Segment Open

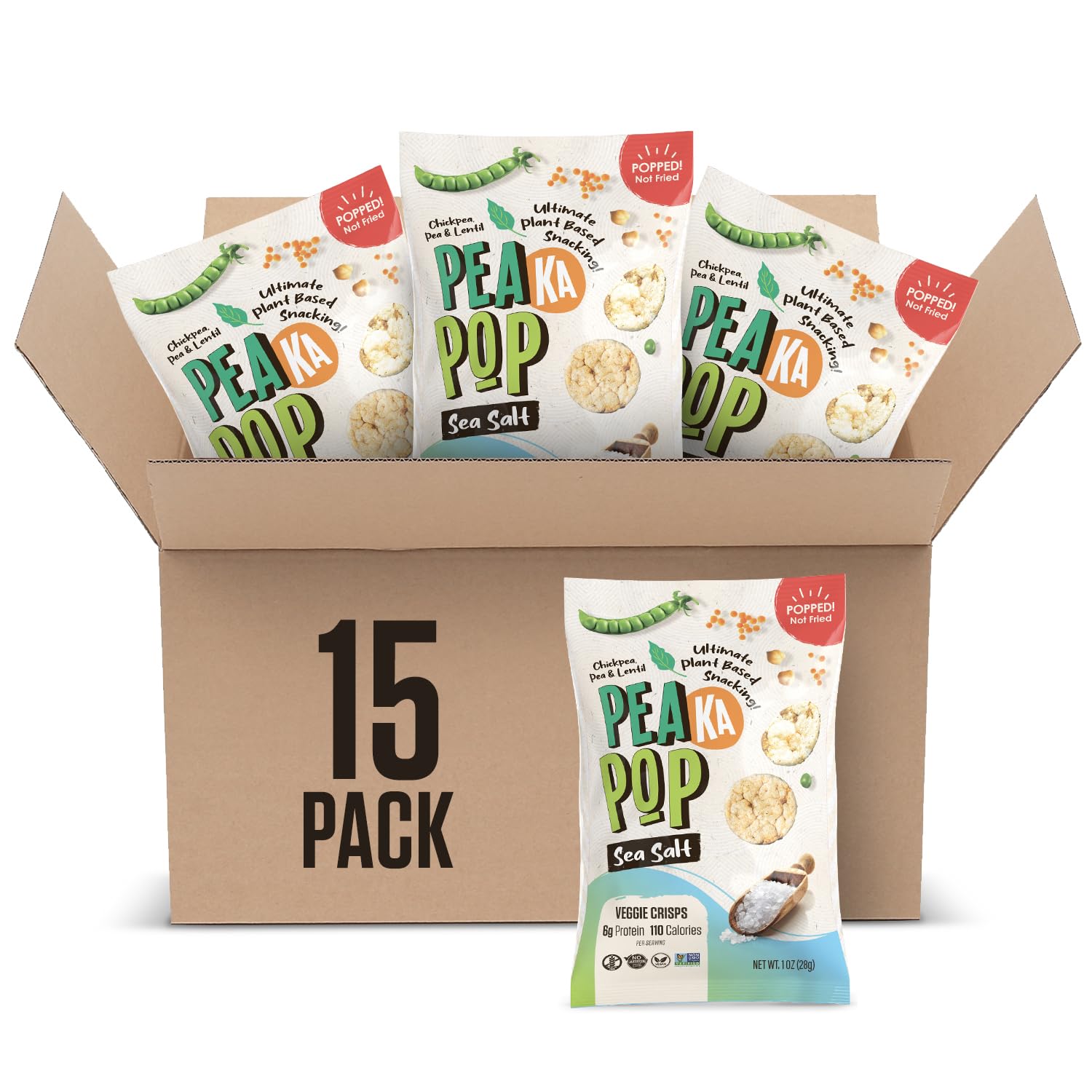 PeaKaPop Veggie Chips – Plant-Based, Healthy Veggie Crisps with Pea, Lentil & Chickpea Protein – Vegan, Gluten-Free, Popped Chips – Snack Size for Kids & Adults – 1 oz Bags (15-Pack) – Sea Salt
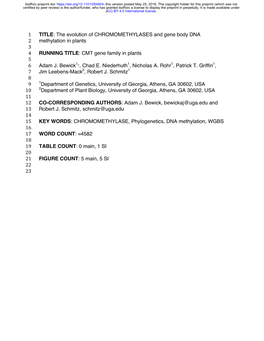 CMT Gene Family in Plants 5 6 Adam J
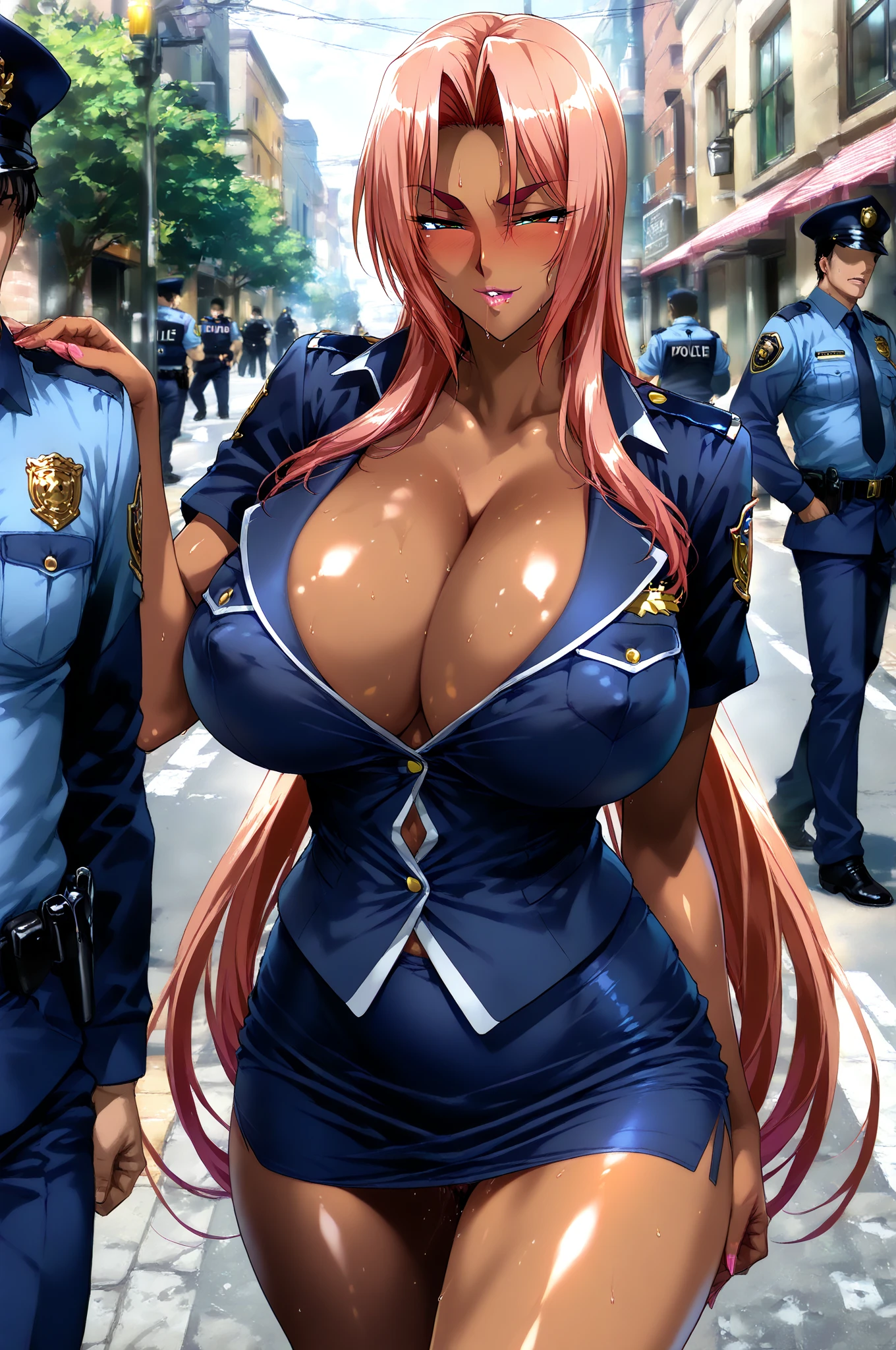 Ingrid sexy, perfect face, Perfect eyes, sexy police uniform, big tits, dark cells, bikini 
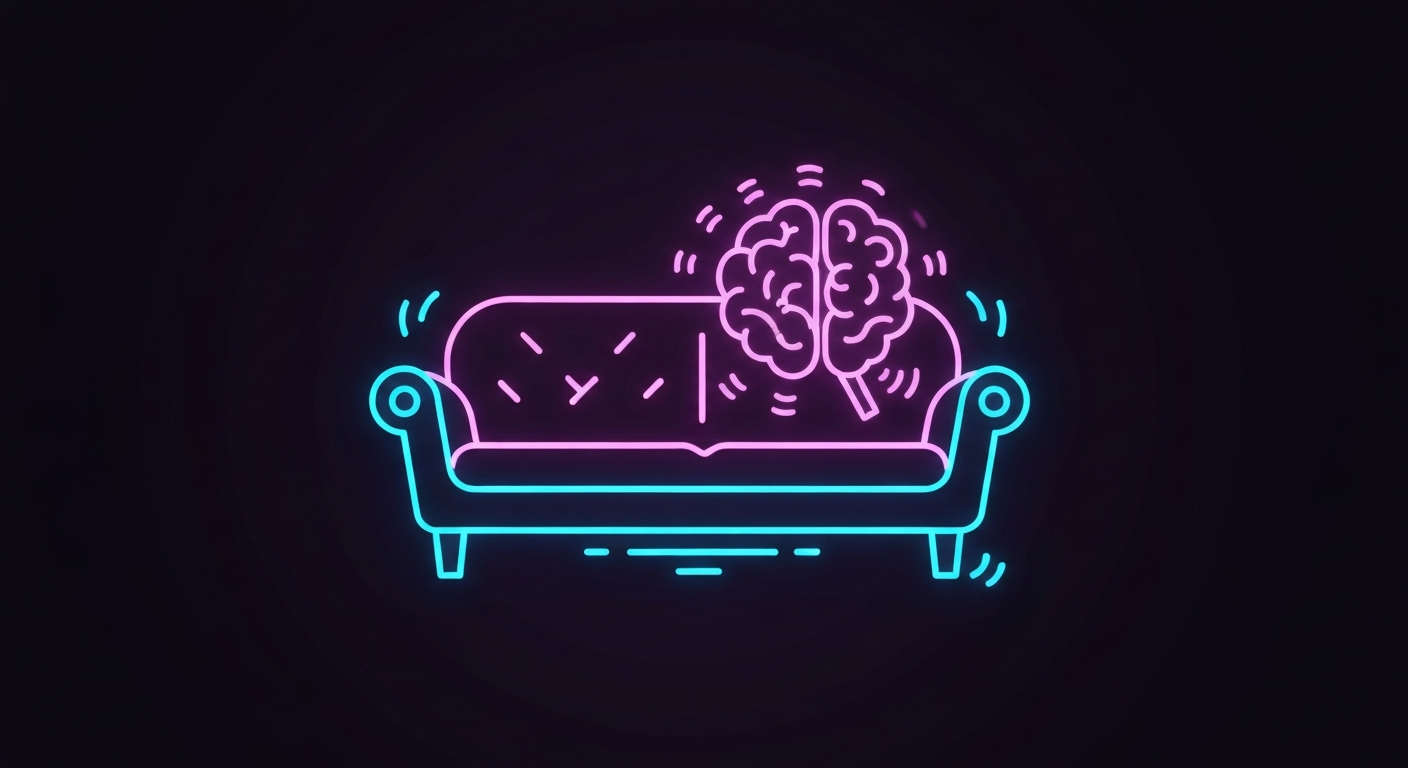A minimalist design in the style of Keith Haring, featuring glowing neon lines outlining the shape of a therapist's couch against a dark background, conceptually representing the challenges patients face in accessing mental health services.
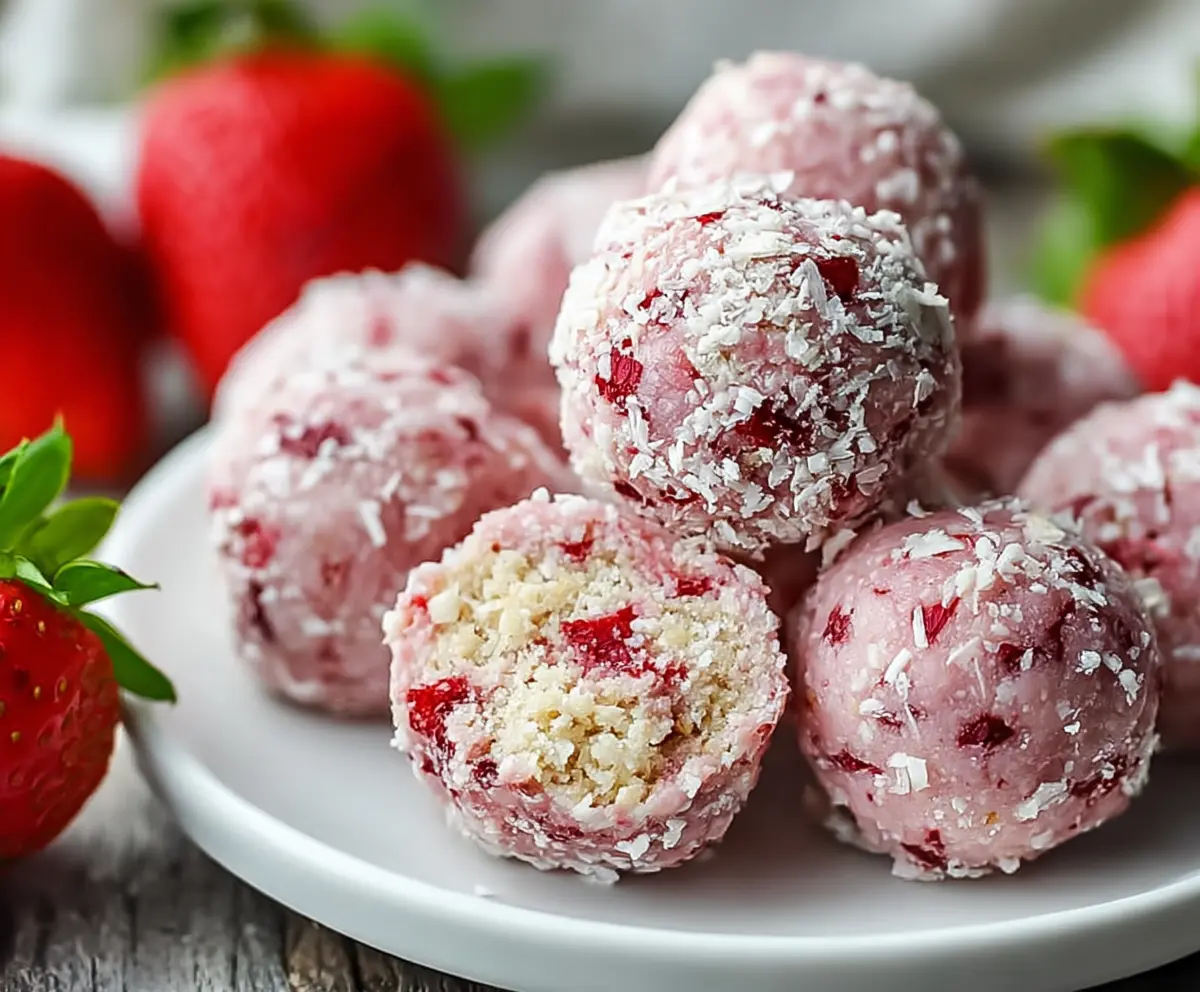 Healthy strawberry cheesecake protein balls in a glass bowl, perfect for a nutritious snack.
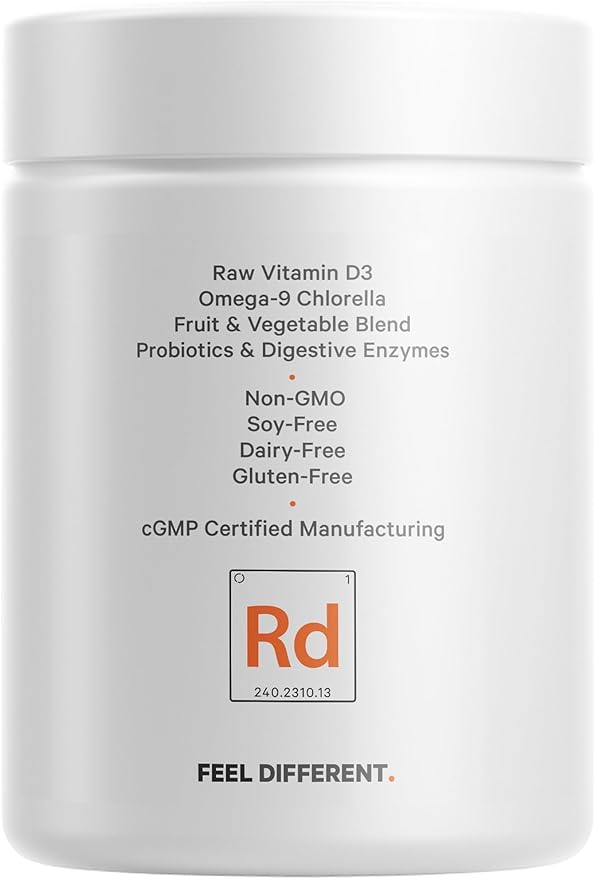 Codeage Raw Vitamin D3+ High Potency 5000 IU Supplement from Saccharomyces Cerevisiae - Raw Vitamin, Probiotics, Digestive Enzymes, Fruits & Greens - 2-Month Supply - 60 Capsules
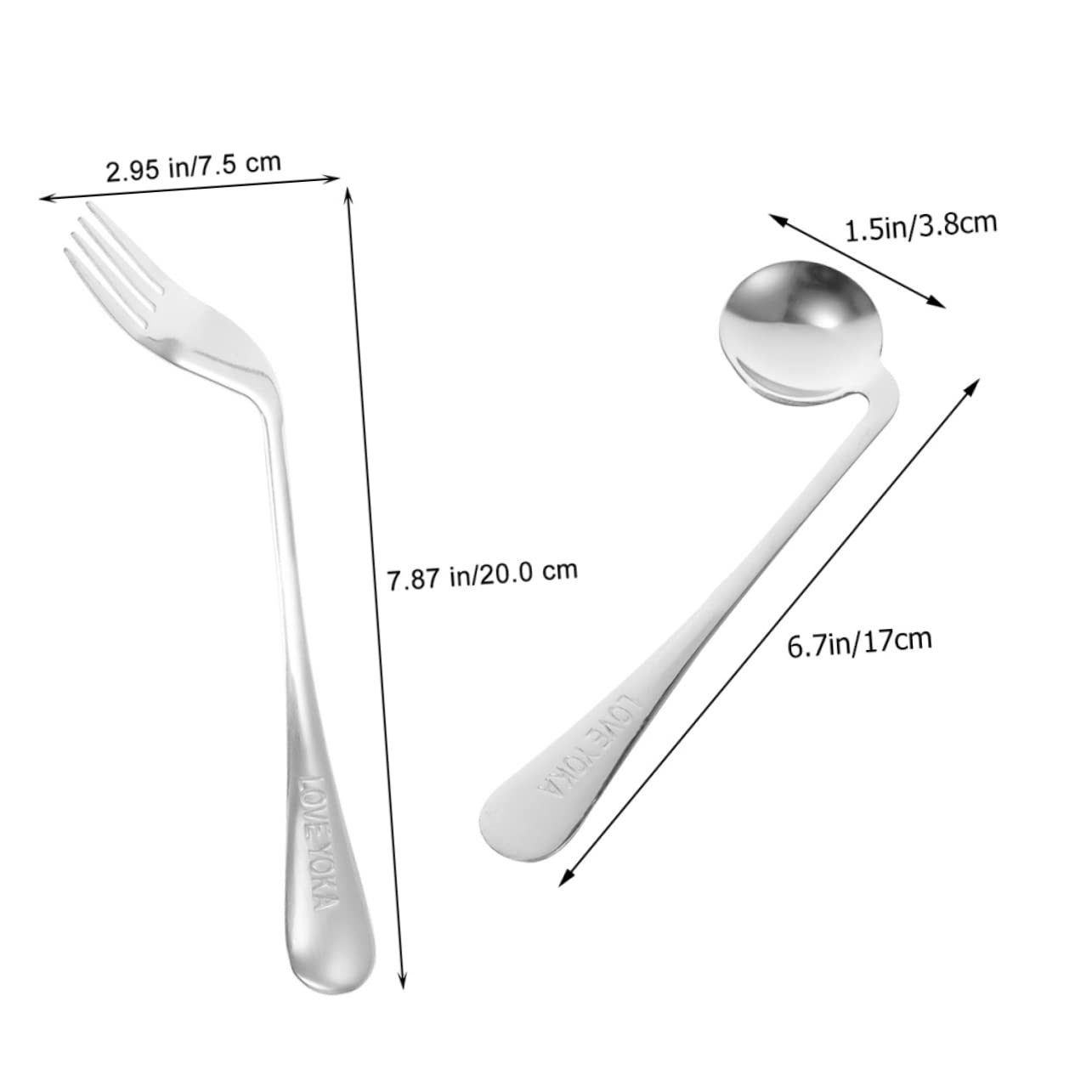 CLISPEED Sturdy Stainless Steel Angled Spoon and Fork Non-Slip Design for Elderly Disabled and Patients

Segment Closed

WHAT YOU SHOULD DO - Omit every picture, and otherwise quote the entries exactly.

TASK ANSWER -
 PeaKaPop Veggie Chips – Plant-Based, Healthy Veggie Crisps with Pea, Lentil & Chickpea Protein – Vegan, Gluten-Free, Popped Chips – Snack Size for Kids & Adults – 1 oz Bags (15-Pack) – Sea Salt
 CMT Gene Family in Plants 5 6 Adam J
 Ingrid sexy, perfect face, Perfect eyes, sexy police uniform, big tits, dark cells, bikini 
A minimalist design in the style of Keith Haring, featuring glowing neon lines outlining the shape of a therapist's couch against a dark background, conceptually representing the challenges patients face in accessing mental health services.
 Healthy strawberry cheesecake protein balls in a glass bowl, perfect for a nutritious snack.
 Codeage Raw Vitamin D3+ High Potency 5000 IU Supplement from Saccharomyces Cerevisiae - Raw Vitamin, Probiotics, Digestive Enzymes, Fruits & Greens - 2-Month Supply - 60 Capsules
 CLISPEED Sturdy Stainless Steel Angled Spoon and Fork Non-Slip Design for Elderly Disabled and Patients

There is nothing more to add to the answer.